This is the page for Project 2. Fun with Filters and Frequencies!
Back to PortfolioThis project has a lot of differnt subproblems. Mainly touch on the concepts of frequency filtering, pyramid, image blending, etc.
Gradient magnitude computation is obtained by applying finite difference kernels. Two kernels, D_x and D_y, are applied to the image to obtain the partial derivatives in x and y directions.
D_x = [1, -1] and D_y = [1; -1] are used for the finite difference kernels. There are different types of kernels, possibly convolved with averaging like a Sobel operator.
Below is the partial derivative of 'cameraman' image in x and y directions, obtained by applying finite difference kernels.
From left to right, the first image is the partial derivative in x direction, the second image is the partial derivative in y direction, the third image is the gradient magnitude, and the last image is the binary gradient image.
For the binary graident image, several thresholds were tested to find the most suitable one. The value of my choice is 70 (where the pixel scale is 0-255).
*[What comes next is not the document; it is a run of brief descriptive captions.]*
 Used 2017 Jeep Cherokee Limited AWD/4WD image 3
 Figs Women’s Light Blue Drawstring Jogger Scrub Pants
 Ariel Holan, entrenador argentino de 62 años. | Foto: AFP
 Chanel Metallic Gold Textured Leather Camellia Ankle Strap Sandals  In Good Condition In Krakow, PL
Now, the partial derivative is obtained after applying DoG filter. Application of DoG filter results in a much smoother gradient image, a thicker edge, and edges robust to noise.
Especially, speckles that I observed on the bottom side in the previous section are effectively removed.
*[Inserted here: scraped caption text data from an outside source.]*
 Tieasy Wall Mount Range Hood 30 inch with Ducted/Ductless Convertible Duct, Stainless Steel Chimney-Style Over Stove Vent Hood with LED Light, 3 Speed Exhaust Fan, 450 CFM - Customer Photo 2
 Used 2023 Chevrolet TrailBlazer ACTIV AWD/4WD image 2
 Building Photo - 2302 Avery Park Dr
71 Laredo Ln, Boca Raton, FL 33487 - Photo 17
We can combine the two-step process, the Gaussian filter followed by the finite difference kernel, into a single step by convolving two kernels (equvialently, multiplication in frequency domain).
The image of DoG filters (left: with D_x, right: with D_y) is shown below as a heatmap. I used a 21 x 21 kernel with sigma=1.0.
As expected, applying this single kernal to the cameraman image results in the almost identical gradient images.
Image sharpening is a technique to enhance edges of an image. The sharpened image is obtained by adding the Laplacian of the image to the original image.
The Laplacian of an image is obtained by applying a Laplacian filter to the image. I have introduced a parameter alpha to control the amount of sharpening.
Below are the provided image of Taj Mahal, with Gaussian filter size = 11 x 11, and sigma = 1.0. The first is an original image, the second is a high frequency component, the third and fourth are sharpened images with alpha = 0.4 and 0.8.
In the sharpened version, edges and detailed patterns of the building is much more visible.
Below is the image of my choices! I had tuned alpha = 0.5, 1.0, 1.5 for this case. We can observe that the edges of buildings and the sky (cloud) are getting sharper as alpha increases.
Below is an image of a cat, which is already sharp enough. The first is an original image, the second is a blurred one, the third is a re-sharpened image.
The re-sharpened image is not as sharp as the original image. This is because the high frequency information is already lost during the Gaussian filtering. Even if image sharpening is performed, we cannot recover the lost high frequency information.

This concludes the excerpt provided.